Part I: Pre-Socratics to Scholastics
As a context for the current essay, recall the four guideposts of a Catholic philosophy: creation metaphysics, hylomorphic anthropology, realistic epistemology, and objective ethics. https://karen-early.com/2018/02/01/four-catholic-guideposts-of-philosophy-part-i
https://karen-early.com/2018/03/29/aristotle-setting-the-philosophical-scientific-standard-for-millennia/ I ended my previous essay with Aristotle but to be complete with the classical philosophers I should conclude with Plotinus (circa 240-270 BC), who introduced the idea of returning to the One explicitly. This return to the source of origin known as exitus and reditusis evidenced in nature with the desire for species to reproduce even at the cost of the parents’ lives i.e. salmon. In the heart of man, it is the desire for union with God.
Aristotle (384-322 BC) one of the greatest philosophers and scientists of all time, tethered the Forms of Plato into a realistic epistemology while at the same time refuting the Pre-Socratics that only that which is real is composed of atoms or the notion of only the one is real with all else being a name https://karen-early.com/2018/02/15/pre-socratics/. Modern man knows these two forms of thought as materialism or nominalism.
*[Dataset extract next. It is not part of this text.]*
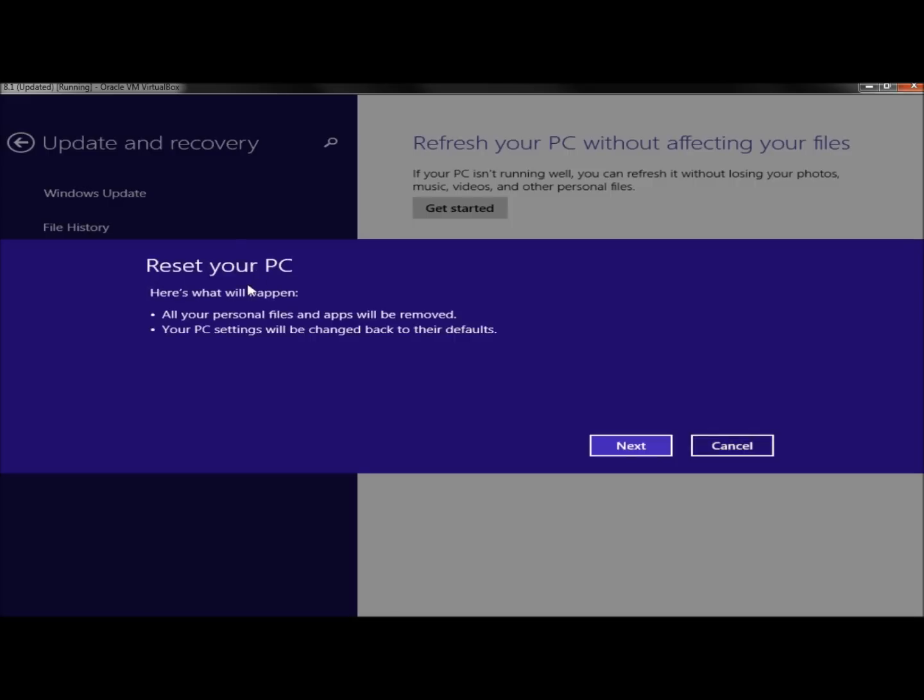It will tell you what will happen when you reset the PC. It says all your personal files and apps will be removed. Your PC settings will be changed back to their defaults. I'm going to click Next.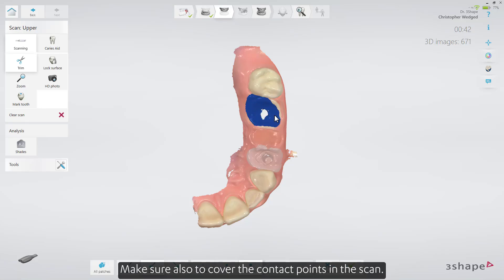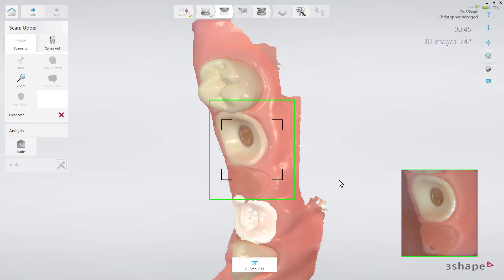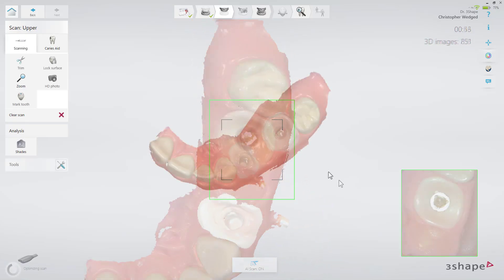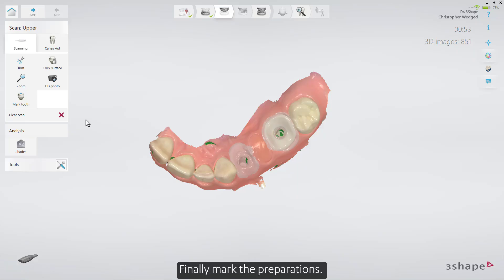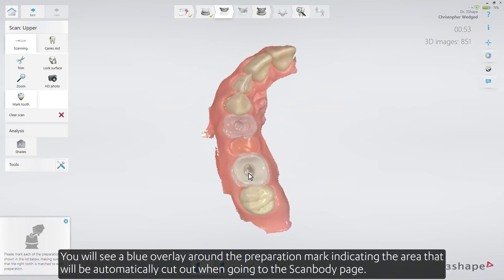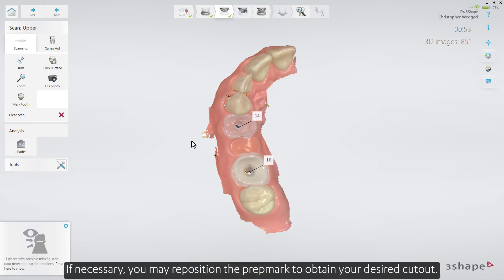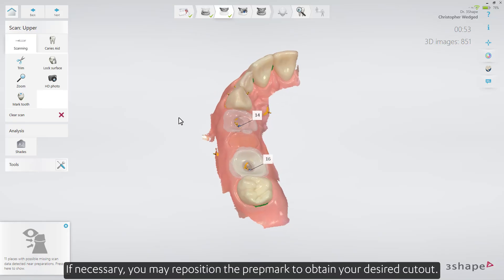Make sure to also cover the contact points in the scan. Finally, mark the Preparations. You will see a blue overlay around the Preparation Mark, indicating the area that will be automatically cut out when going to the Scan Body page. If necessary, you may reposition the Preparation Mark to obtain your desired cutout.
Ideas such as a man wanting to have a baby, the terms male and female being arbitrary, that a citizen of a country is defined as any resident within a country. The radical egalitarianism found in economics where everyone should have the same pay regardless of merit is rooted in nominalism. Objective reality is a direct casualty of nominalism.
I am not discussing the inherent dignity of each human person, the imago Dei. Rather I am talking about the idea that I was raised with a mere 50ish years ago, that merit and character is what should drive success. Socialism is contra to this idea and it is rampant in our society. The other side of the Pre-Socratic coin is materialism
Materialism dictates that only what is measurable, tangible is true, all else is opinion and mutable. Ideas of ethics, final cause, and morality are fungible. What was ethical in one generation becomes abhorrent in the next. Abortion, which was once considered a right of the father, in Greco-Roman times, became an affront to a civilized society in the Middle Ages, is now once more a right not of the father but now of the mother. The ability to shape shift a critical question of the taking of a human life is only one example of an ethics rooted in materialism and nominalism. Material in the sense of humanity rooted in some sort of quasi-developmental status. Nominalism in the sense of the definition of a person. As the famous quote of Justice Anthony Kennedy states, “At the heart of liberty is the right to define one’s own concept of existence, of meaning, of the universe, and of the mystery of human life.” This idea is nominalism writ large.
These pre-Socratic ideas are the bedrock of the totalitarianism of relativism. How did this come about? With the fall of Constantinople in 1453 to the Muslims, Greek scholars in large numbers fled to Europe. The unknown writings of ancient Greece became accessible to the intelligentsia of the day, which meant those in the universities and seminaries. Thomas Aquinas took up the writings of the Greek philosophers, namely Socrates, Plato, and especially Aristotle, and integrating the theological development that had taken place over the past twelve hundred years produced, in my opinion, the greatest body of both philosophical and theological thought of all time. Its breath and depth is unparalleled and is worthy of constant reflection.